Incialmente, está sendo feito um trabalho de conscientização e integração dos profissionais que trabalham com crianças e adolescentes para que eles tenham condições de identificar os casos de violência. A criação da rede será discutida durante o 44º Congresso Médico da AML, que será realizado entre os dias 18 e 22 de outubro. São convidados a participar profissionais que atuam com crianças e adolescentes nas áreas de saúde, educação, Conselho Tutelar, Grupo Sentinela, Instituto Médico Legal, Ministério Público, policiais e advogados.
Após o primeiro ano de vida, a violência é a responsável pela maioria das mortes entre crianças e adolescentes. Até o primeiro ano, a violência só perde para doenças puerinatais em número de óbitos. ''O pior é que essas mortes poderiam ser evitáveis e, por isso, a Sociedade Brasileira de Pediatria está direcionando esse trabalho com duas campanhas: de prevenção de acidentes e prevenção da violência'', explica Luci.

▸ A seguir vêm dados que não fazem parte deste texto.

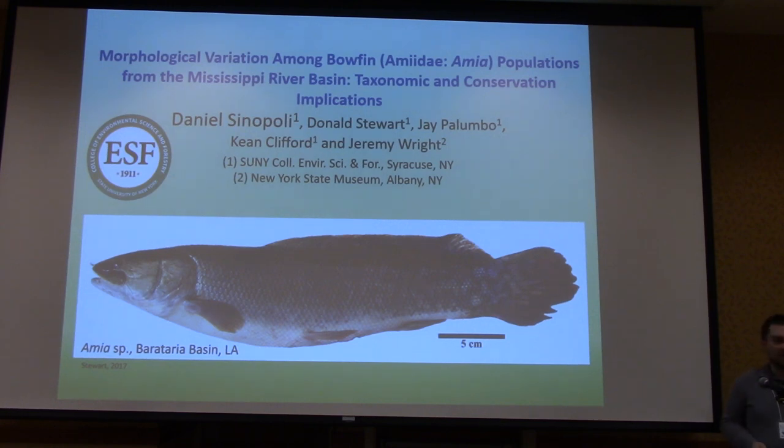This is kind of one half of my finished master's thesis, which I finished back in December, talking about morphology and taxonomy of bowfins — not in New York State but in the Mississippi River Basin. If any of you were here last year, I gave a poster on the second half, which was all management and regulation stuff.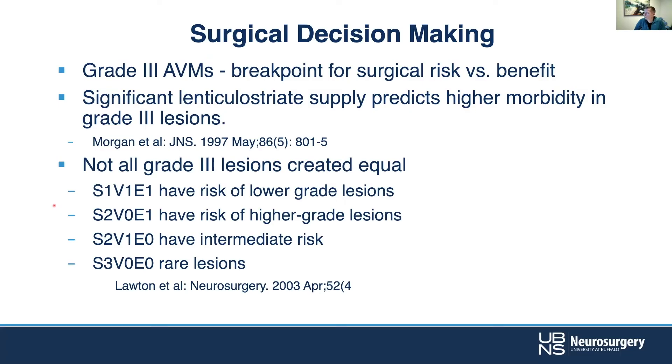In general, historically, grade three has been the break point for surgical risk — on that scale from one to five, with five being the highest risk. Grade four and five are very difficult lesions, and often it's not worth the risk of surgery for an unruptured lesion. Grade three has historically been the break point, but not all grade threes are created equal. There are different ways of arriving at a score of three: size one, venous drainage one, eloquence one versus size three, venous zero, eloquence zero — those are inherently different lesions.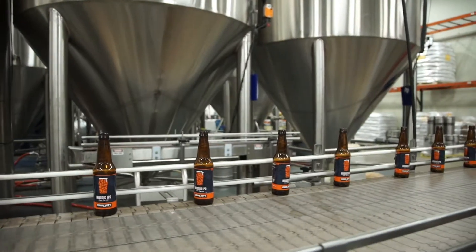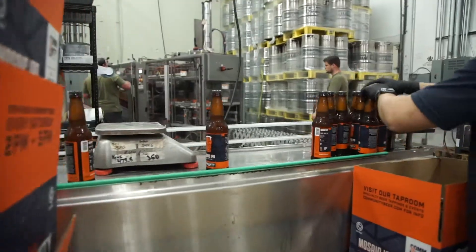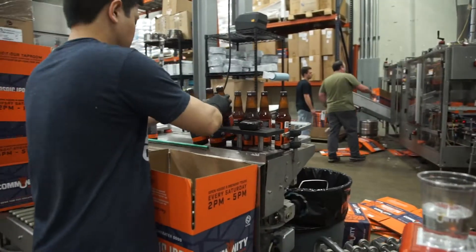Mosaic IPA is definitely our most popular beer. It is kind of what put the brewery on the map, I guess you could say. It's an American style IPA predominantly featuring the Mosaic Hop, which is a hop grown in the Yakima Valley in the Pacific Northwest.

A médica é presidente do Departamento Científico de Segurança da Criança e Adolescentes da Sociedade Paranaense de Pediatria e, por isso, iniciou em 98 o programa em Curitiba. Foram coletados dados sobre a violência em todas as faixas etárias. As informações obtidas mostraram que do total de casos em que as vítimas estavam vivas, 54% eram menores de 19 anos e 18% das vítimas de abuso sexual tinham menos de quatro anos. ''E somente um em cem casos de abuso sexual chega até o IML'', diz a médica.
No ano seguinte, foi montada uma ficha de notificação dos casos de violência doméstica e foram definidos alguns parceiros como SOS Criança, profissionais de saúde, educação, Conselho Tutelar e Delegacia da Mulher. No entanto, ficou constatado que os profissionais que atendiam os casos não sabiam reconhecer os maus-tratos. ''Esse assunto ainda é muito pouco abordado nos cursos de graduação e pós-graduação'', afirma a médica.
Em seguida foi feita a capacitação dos profissionais e, em 2001, foi montado um projeto-piloto, que atingiu 400 mil habitantes. A partir daí, a rede foi estendida para toda a capital. No ano passado, a maioria dos casos atendidas pela rede foi referente à negligência, seguida pelo abuso físico e sexual. Há também o abuso psicológico, que são humilhações, castigos e ameaças.